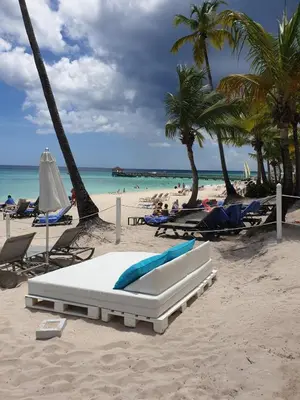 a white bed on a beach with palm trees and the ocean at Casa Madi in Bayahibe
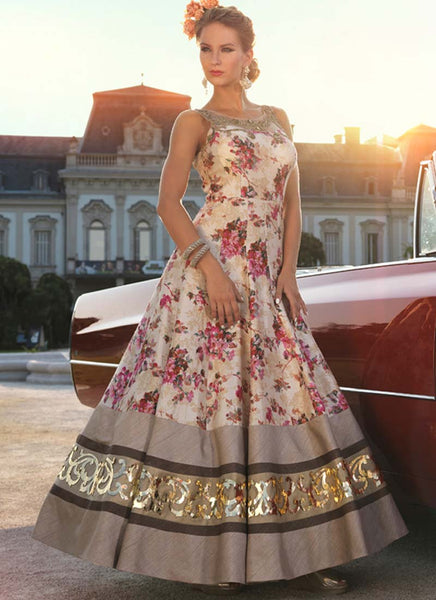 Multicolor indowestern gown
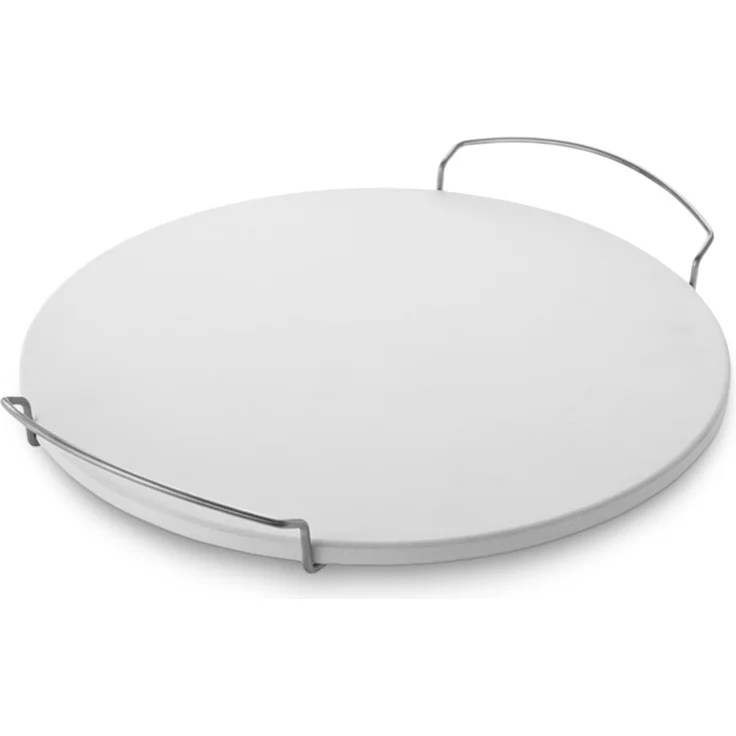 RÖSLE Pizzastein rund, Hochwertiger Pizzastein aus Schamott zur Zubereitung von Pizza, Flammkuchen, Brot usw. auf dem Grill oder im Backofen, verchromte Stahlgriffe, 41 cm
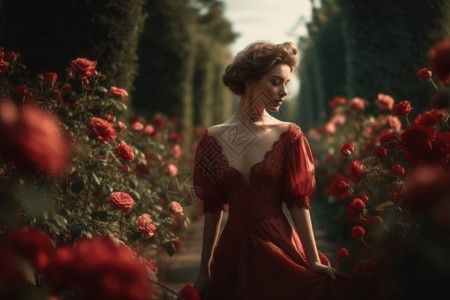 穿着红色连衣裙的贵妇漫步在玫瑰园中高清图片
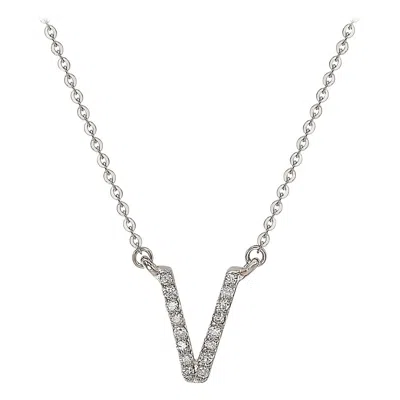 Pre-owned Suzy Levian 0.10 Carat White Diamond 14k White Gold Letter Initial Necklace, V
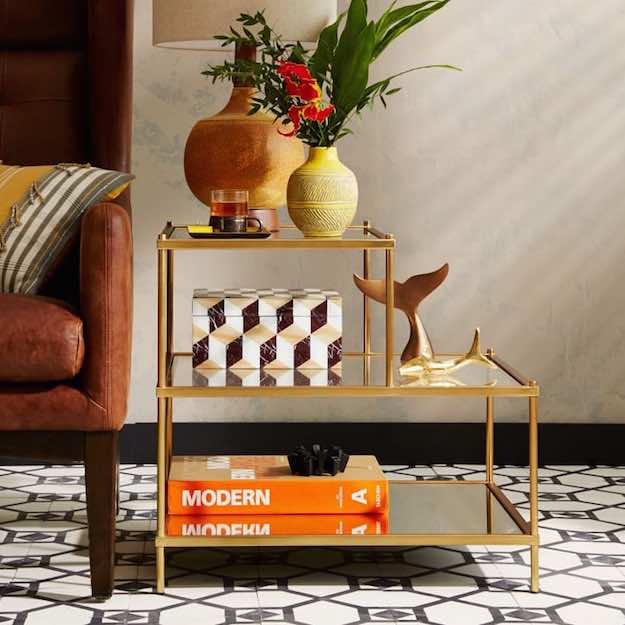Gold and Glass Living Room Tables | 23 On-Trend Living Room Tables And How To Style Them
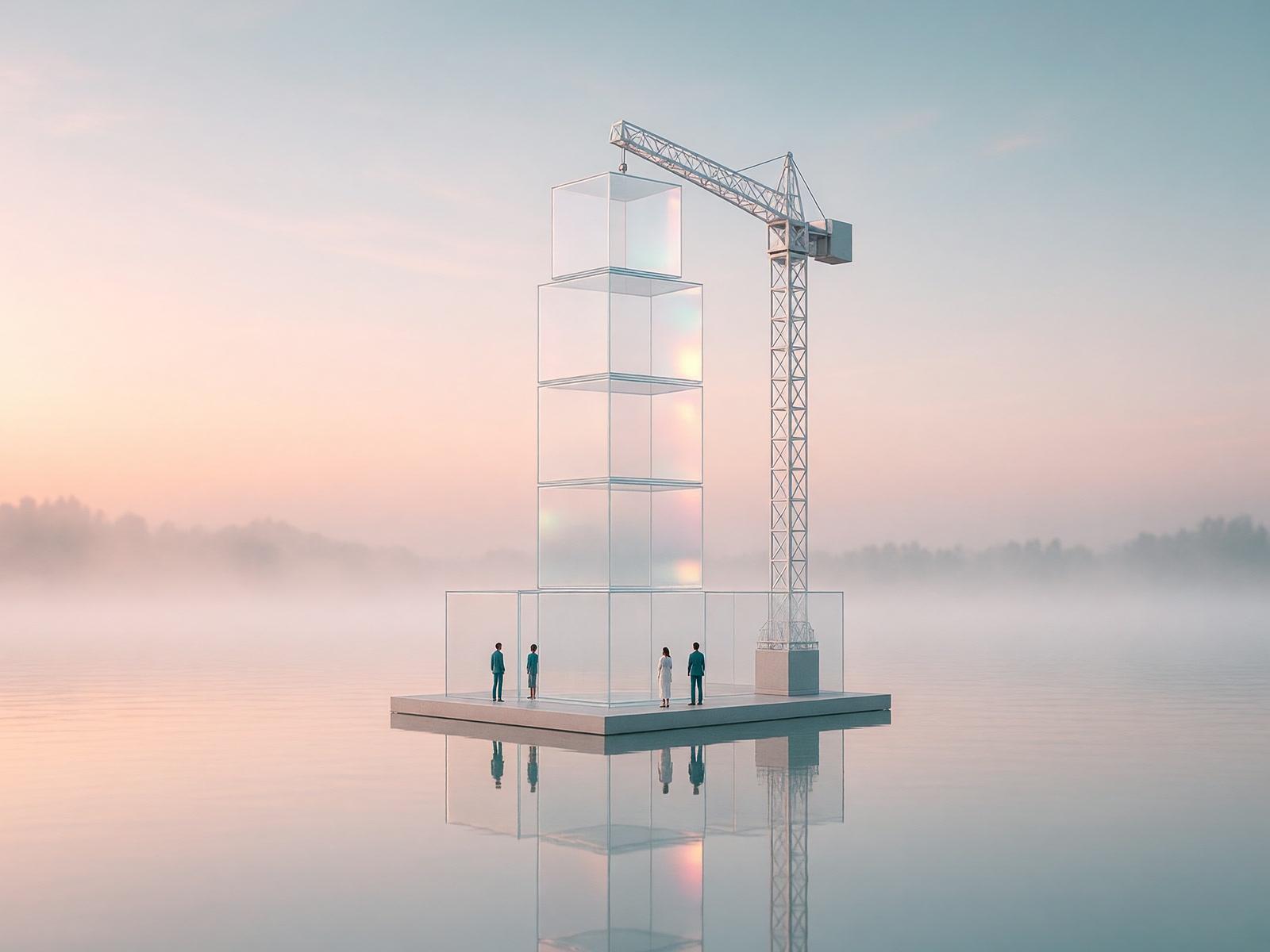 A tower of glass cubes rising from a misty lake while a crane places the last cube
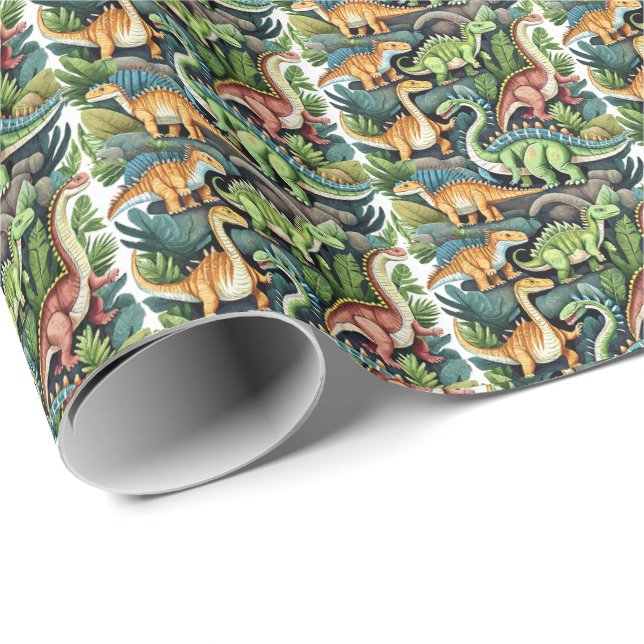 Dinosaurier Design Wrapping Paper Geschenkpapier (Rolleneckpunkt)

————————

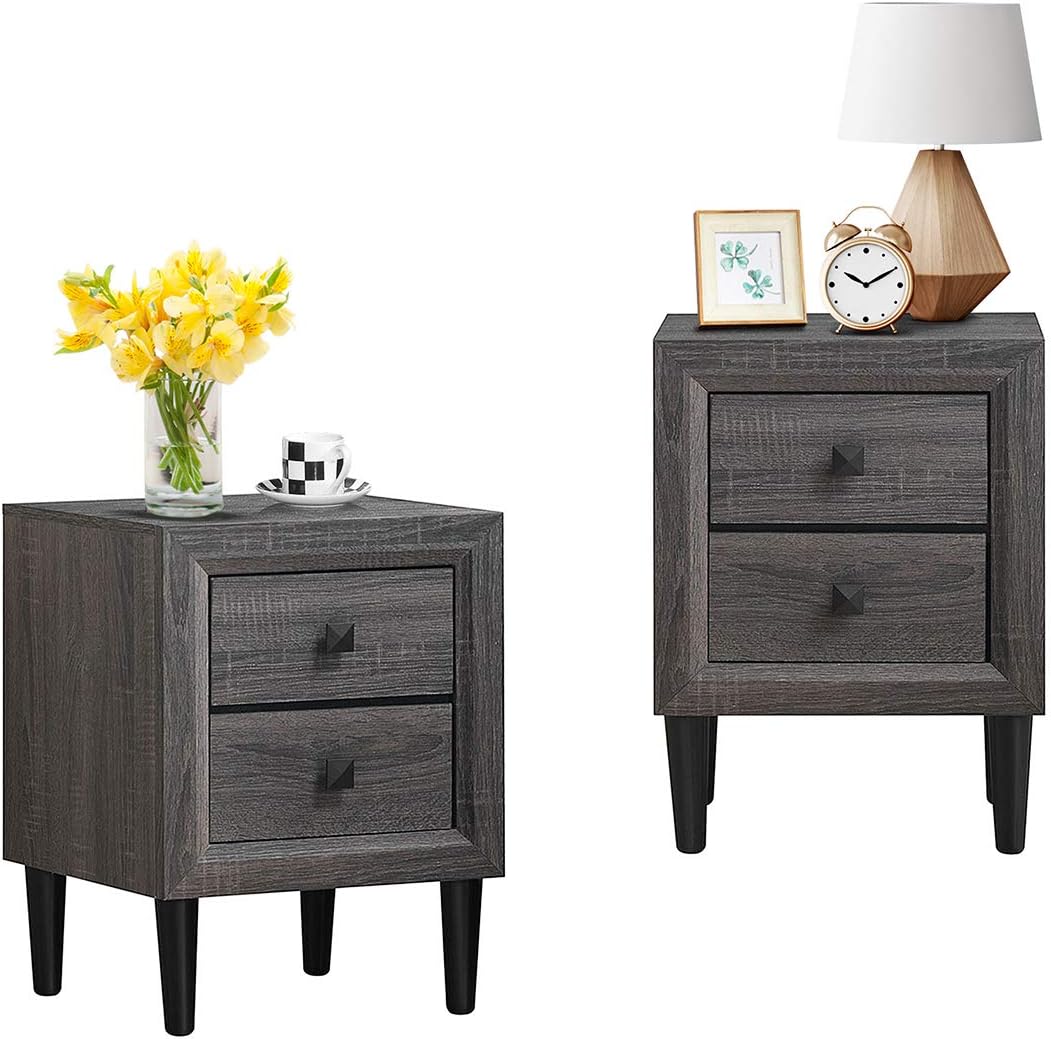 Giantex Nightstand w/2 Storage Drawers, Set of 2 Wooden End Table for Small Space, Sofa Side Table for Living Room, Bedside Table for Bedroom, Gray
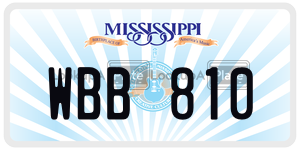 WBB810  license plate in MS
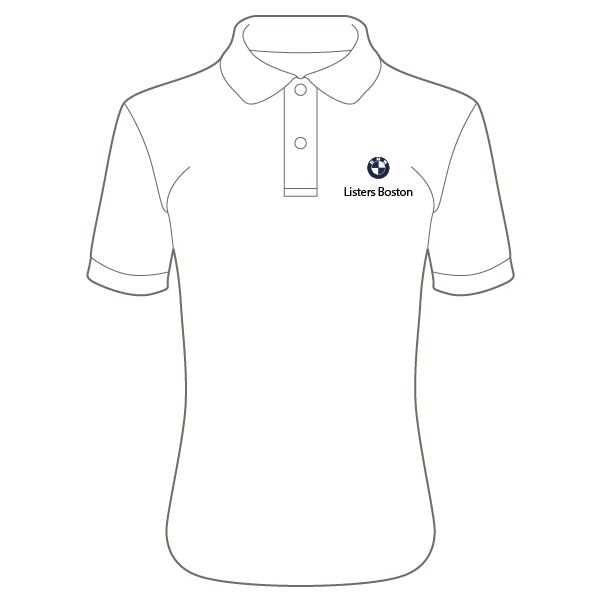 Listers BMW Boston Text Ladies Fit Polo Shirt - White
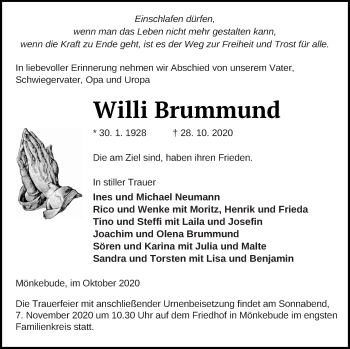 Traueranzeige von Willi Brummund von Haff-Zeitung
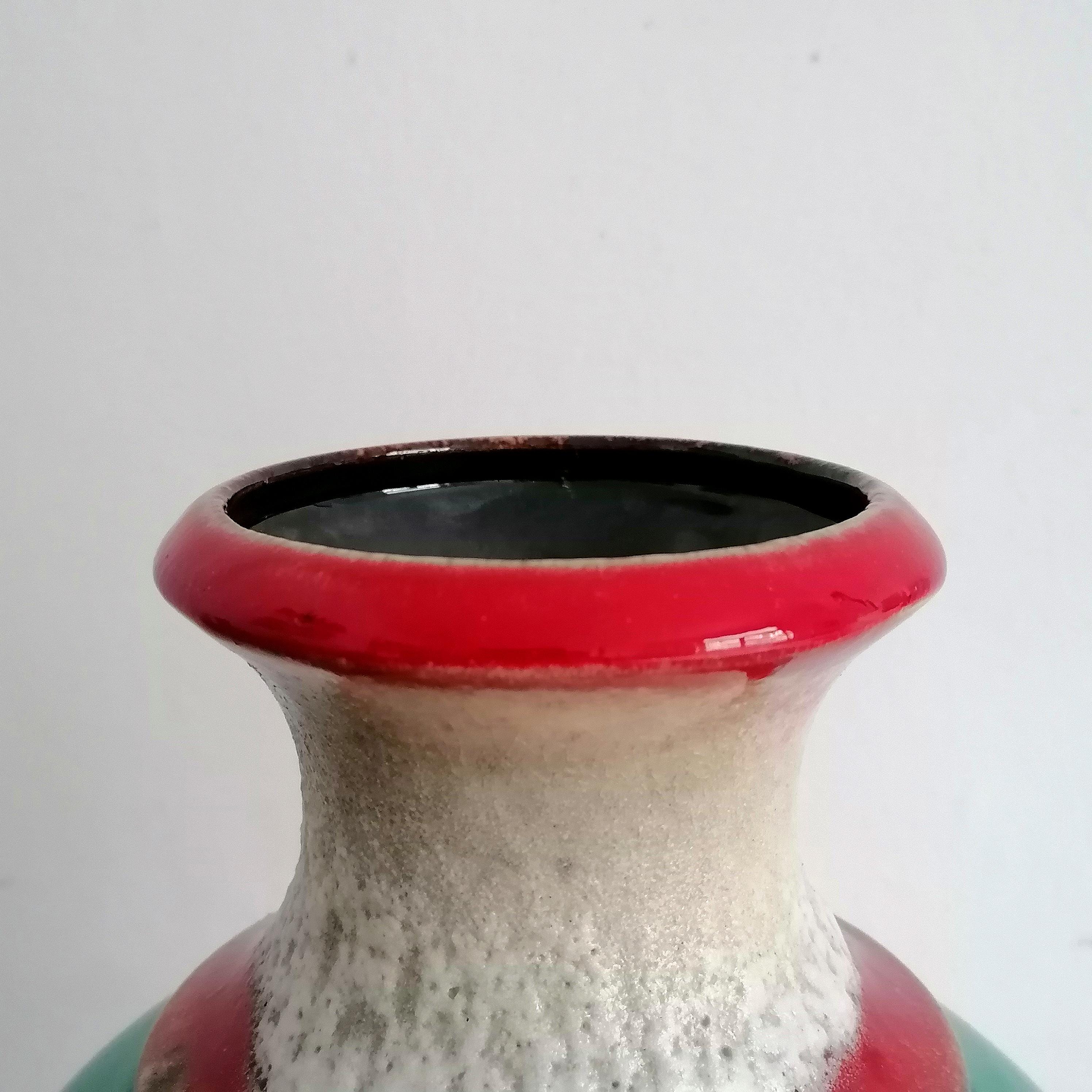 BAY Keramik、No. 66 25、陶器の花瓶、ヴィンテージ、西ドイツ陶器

————————

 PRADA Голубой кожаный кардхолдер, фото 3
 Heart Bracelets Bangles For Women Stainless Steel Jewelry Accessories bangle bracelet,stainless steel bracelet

————————

(Description of the task): Beginning at the line that has "a white bed" and ending at the line that has "Dinosaurier Design Wrapping", restate the listing above word for word, pictures left out.

(Response to this exercise):
 a white bed on a beach with palm trees and the ocean at Casa Madi in Bayahibe
 Multicolor indowestern gown
 RÖSLE Pizzastein rund, Hochwertiger Pizzastein aus Schamott zur Zubereitung von Pizza, Flammkuchen, Brot usw. auf dem Grill oder im Backofen, verchromte Stahlgriffe, 41 cm
 穿着红色连衣裙的贵妇漫步在玫瑰园中高清图片
 Pre-owned Suzy Levian 0.10 Carat White Diamond 14k White Gold Letter Initial Necklace, V
Gold and Glass Living Room Tables | 23 On-Trend Living Room Tables And How To Style Them
 A tower of glass cubes rising from a misty lake while a crane places the last cube
 Dinosaurier Design Wrapping Paper Geschenkpapier (Rolleneckpunkt)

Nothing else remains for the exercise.